The industry also plays a vital role in the country's economy. Before the shipyards boom of the 1980s, the country of 153 million used to import most of its steel. Today, about 90 per cent is supplied by its recycling industry.

International Maritime Organization Secretary General Efthimios Mitropoulos told delegates preparing to vote on the convention: "I consider it incumbent on all of us to exercise prudence by balancing safety and environmental concerns with the commercial requirements of seaborne trade.

"We should be guided by pragmatism so that the operational efficiency on which ship recycling facilities rely is not unduly compromised. I am convinced that the draft convention before you has all the necessary ingredients to strike the right balance."

This year, with the economic downturn meaning more older vessels are being taken out of service, about 1,000 ships were expected to be decommissioned and sent to shipyards to be broken up - around twice as many as last year - with each major vessel worth millions of US dollars in steel alone.

If the new convention would go so far as to ban beaching altogether, Mitropoulos warned, there was a danger that it would not be supported by countries like India, Pakistan and Bangladesh.

Under the convention signed Friday, ships sent for recycling must carry inventories of their hazardous materials and be surveyed before recycling. Shipyards are required to provide a recycling plan detailing how each ship would be stripped down and dealt with.

As far as Puckett and his fellow protestors are concerned, it has been a frustrating week.

"There is no way you can protect workers on a beach," he said. "You can't bring in ambulances or fire engines, you can't bring in cranes to lift the heavy materials to rescue people and you can't contain the contamination - it goes straight out to sea.

"This convention is going to put a green gloss over these business practices which really go back to another century. The idea that you can run ships onto an ocean beach and start breaking them open is just insane."

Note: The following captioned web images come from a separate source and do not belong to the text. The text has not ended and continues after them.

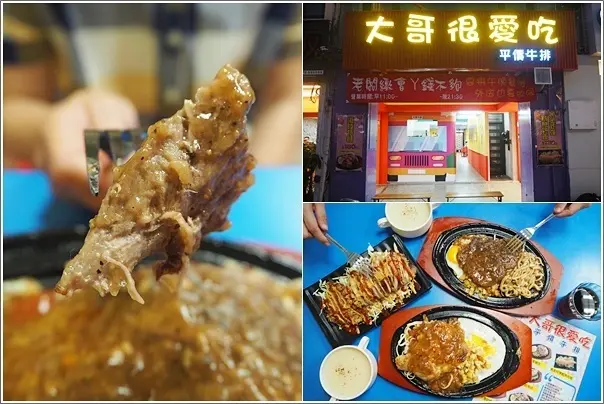 中壢｜大哥很愛吃平價牛排．巧思壁圖佈置堅持原肉主義CP值高的平價牛排/中壢牛排/中壢外送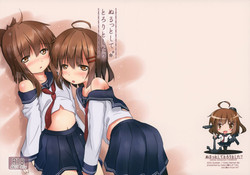 Download Nuruttoshite Tororitosita?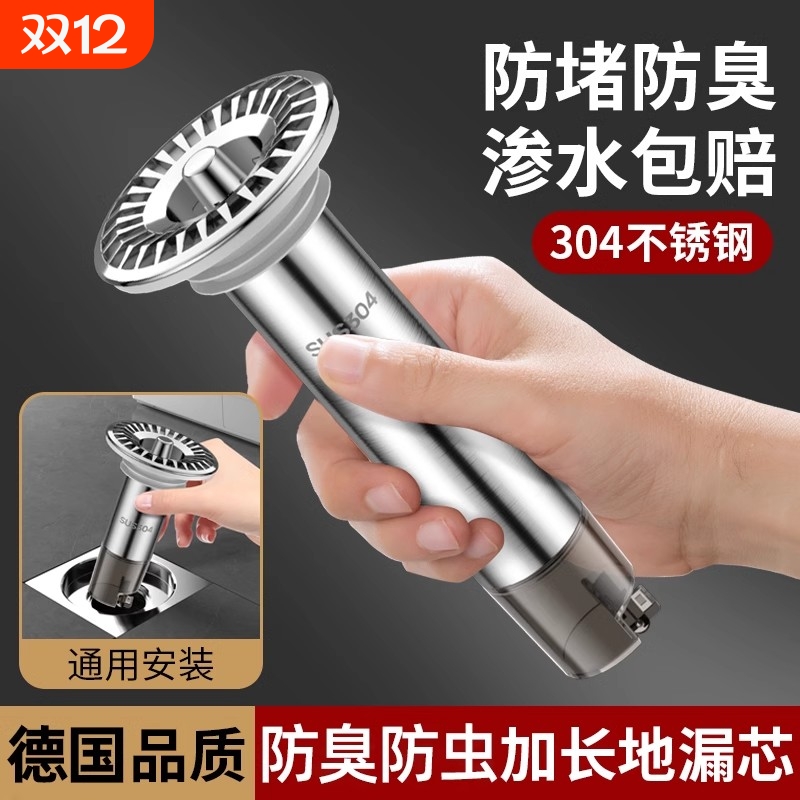 下水道断层加长地漏内芯防臭延长管不锈钢卫生间防虫深水修复通用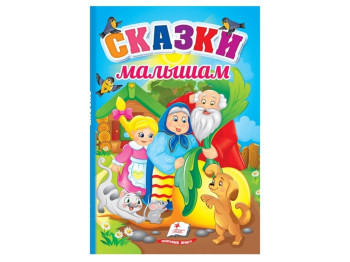 Казки "Казки малюкам", 3+, Пегас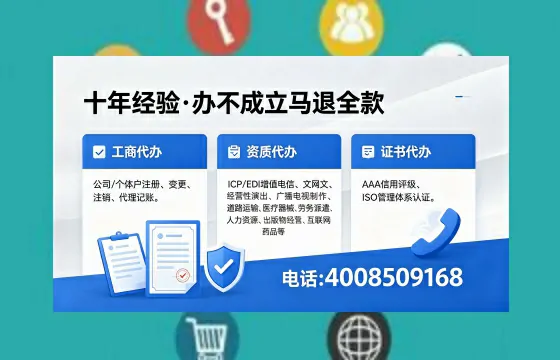 黔西南广播电视节目制作许可证办理指南：用途、流程与办理优势全解析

For the family of Sultan, who did not live long enough to see the sun set on his first working day, the political bantering in Hong Kong this week is little more than a faraway postscript to a life cut cruelly short.

And on the oil-stained sands of Chittagong, lines of children and young men follow in Sultan's footsteps, wading through the sludge to seek out work that is brutal and life-threatening - but still badly wanted.